MTR is one of the leading developers of membrane capture with their commercially available high-permeable and CO2-selective Polaris membrane, suitable for pre- and post-combustion processes. (MTR 2020a.) Material of the Polaris membrane is based on thin-film composite polymer structures (Figueroa et al. 2008). Gen-1 Polaris membranes have reached commercial-scale and have been used, for instance, in natural gas applications and refineries. Gen-2 Polaris membranes are more permeable compared to Gen-1, which reduces capital cost of the system since the required capture area is smaller. Gen-2 membranes have been demonstrated in several pilot-scale projects, for example at National Carbon Capture Center at 1 MWe scale capturing 20 tCO2/d from coal-derived flue gases. Development of Gen-3 membranes with even higher permeability is currently at laboratory-scale. (Merkel 2018.)

Power requirement for a two-stage Gen-2 Polaris membrane post-combustion capture with CO2 selective flue gas recycling is estimated to be as low as 277 kWh/tCO2

(= 1 GJ/tCO2) with a capture rate of 80 % (Baker et al. 2018). Based on data collected from related literature, IEAGHG (2019a) estimate capture costs to be 47 €/tCO2 in coal-firing and 80 €/tCO2 in gas-firing for MTR’s Polaris membranes. However, it is noted that the calculations were done for a capture rate of 90 % in conditions of relatively low CO2-concentration and that the cost benefits of membrane capture emerge in hybrid processes, partial capture or combustion air enriching. (IEAGHG 2019a.) A capture cost of 30 $/tCO2 is considered feasible for scaled-up Gen-2 membranes (Merkel 2018).

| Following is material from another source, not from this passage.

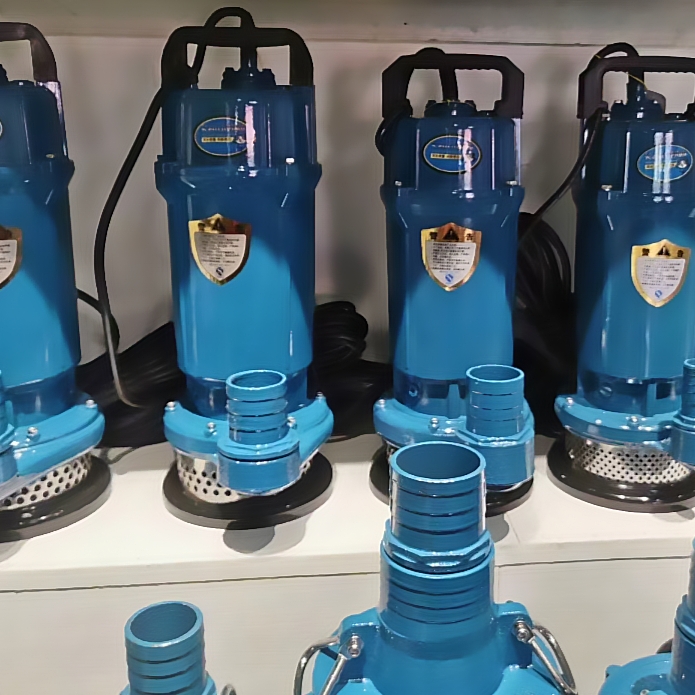 Pompa wodna z silnikiem, roczn – Submersible Pump Sewage recenzja i cena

A large pilot-scale post-combustion capture project designed to capture 140 tonnes of CO2 per day in coal-firing at Wyoming Integrated Test Center is currently underway. The project aims to successfully operate a partial post-combustion capture process based on

Gen-2 Polaris membranes, while reaching a capture rate of ~70 % and a capture cost of

~40 $/tCO2. (MTR 2020b.) Successful demonstration at Wyoming ITC will advance TRL of Polaris membranes in carbon capture from 6 to 7–8.

4.8.2

MTR and TDA Research have developed a hybrid carbon capture system combining MTR’s Polaris membranes and TDA’s mesoporous carbon sorbent based on physical absorption. The hybrid process is developed to reach a 90 % capture rate in post-combustion applications. Polaris membranes and TDA’s sorbent have been separately evaluated at various pilot-scale projects, whereas the hybrid system has been evaluated at bench-scale (TRL 5) with coal-fired flue gases at Western Research Institute, capturing 20–40 kgCO2 per day. A capture cost of $35.5/tCO2 has been calculated for the process based on these preliminary evaluations. (NETL 2018; IEAGHG 2019a.) Further demonstration will be conducted at 1 MW scale at TCM in Norway, where the process is designed to capture 20+ CO2 tonnes per day from industrial flue gases (NETL 2018), which will advance TRL of the technology to 7.